Stablecoins: the quiet achievers
Crypto stablecoins are largely ignored by the media who are more inclined to focus on Bitcoin, Ethereum and other cryptocurrencies.
Despite the long term gains made by Bitcoin, Ethereum and other cryptocurrencies, many find them a challenging asset class to invest in because of their short term volatility. For example, it is not uncommon for the price of bitcoin to halve during any 12 month period. A potentially heart-stopping variation for short term investors who buy in at the top.
If a person has gone to all the trouble of converting a small amount of their (normal) fiat or cash dollars into cryptocurrency ready to trade, only to find the market is in free-fall, then what is one to do? Is there any place to go? Or does one need to cash out of cryptocurrency back into fiat dollars? The simple answer chosen by most crypto investors are cryptocurrency stablecoins such as USDT, USDC or BUSD that are pegged on a 1 for 1 basis with the US dollar.
Convenience, that allows the investor to retain their assets within the crypto ecosystem ready for the next opportunity. But how safe are crypto stablecoins?
If the fast growing supply of stablecoins is anything to go by, then it would seem that the market overall, has increasing faith in the ability of stablecoins to provide both stability and liquidity.
However, on closer inspection, we find that these crypto stablecoins are run by a diverse bunch of organisations with different ideas about the underlying collateralization behind the digital dollars they issue.
One of the most popular stables is USDT, or Tether, that is used in the majority of trading pairs on centralized crypto exchanges. Whilst Tether has dominated in previous years, representing nearly 100% of stablecoin supply back in 2017, it has also had its share of detractors.
According to the data below, the influence of Tether is gradually waning and giving way to a newer crop of stables including USDC, BUSD, DAI and UST.
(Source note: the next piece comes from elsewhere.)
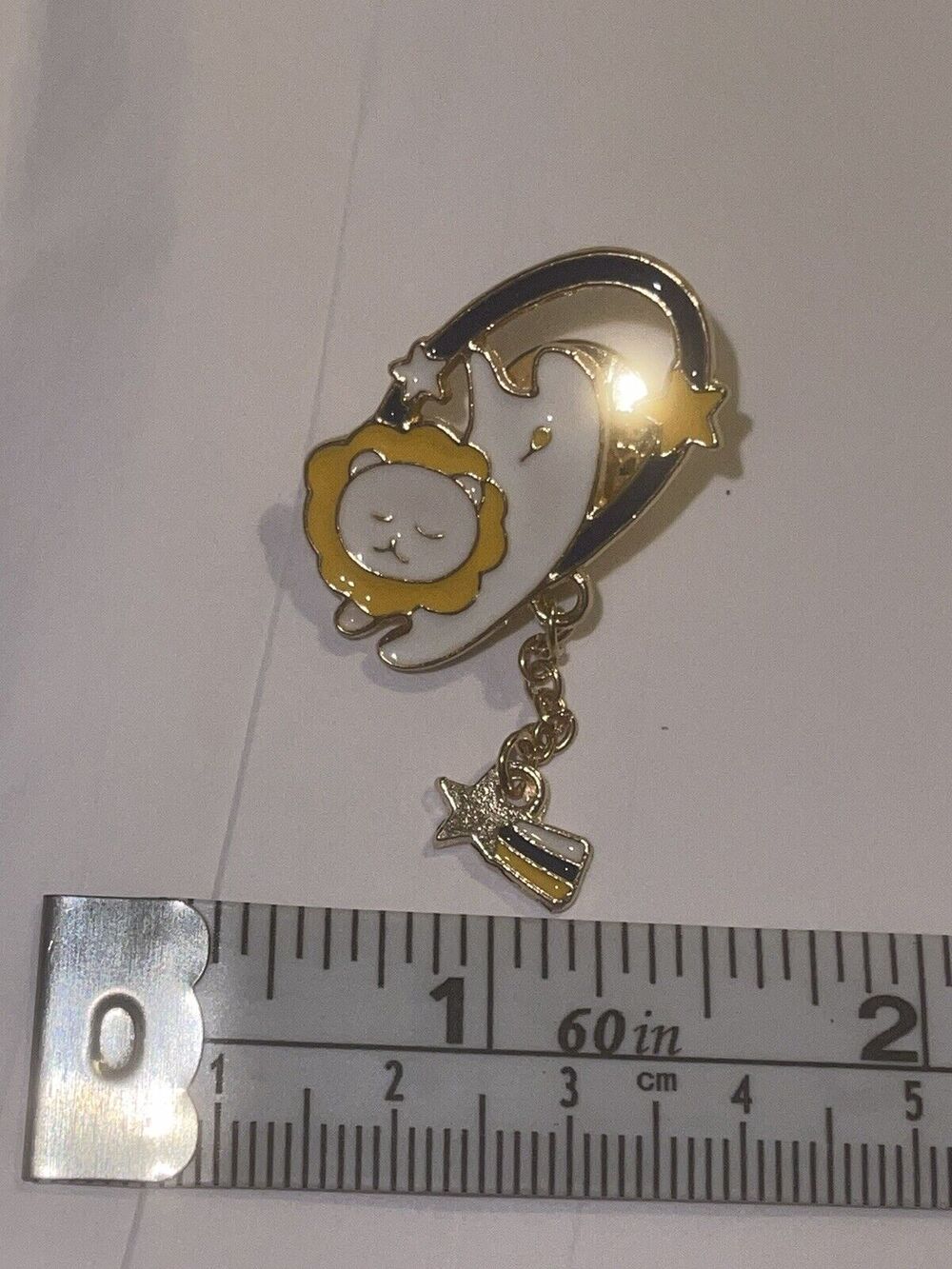 Lion With Floating Shooting Star Pin Brooch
The USDC stablecoin is managed by a US organisation called Circle, who claim that each USDC stablecoin issued is backed by US dollars. Moreoever, according to USDC’s website, they have 53.5B of their stablecoins in circulation.
Another growing stablecoin is Binance USD or BUSD, which also claims to be a 1 for 1 backed stablecoin that is part of the Binance ecosystem. BUSD, is the default stablecoin used in decentralised transactions on Binance Smart Chain and is also widely distributed in trading pairs throughout the popular Binance cryptocurrency exchange.
Dai, a niche stablecoin created by Maker Dao, is minted when a person deposits cryptocurrency into a vault located in the Maker Dao platform.
The Maker Dao protocol then manages the collateralization process in a decentralized and permissionless manner. Dai is mainly used by traders who participate in activities like yield farming, a super high risk part of the decentralized finance ecosystem.
One of the newer stablecoins is Terra USD or UST which is an algorithmic stablecoin and part of the Terra / Luna ecosystem. Why is UST growing so quickly? It presently offers one of the highest annual rates of return of any stablecoin on the market. Before exploring any such opportunities, people should carefully weigh the high risks involved.
Although crypto stablecoins are here to stay, it will be fascinating to see how they make room for the growth of Central Bank issued digital currencies (CBDC’s) that are being considered by a number of countries across the world.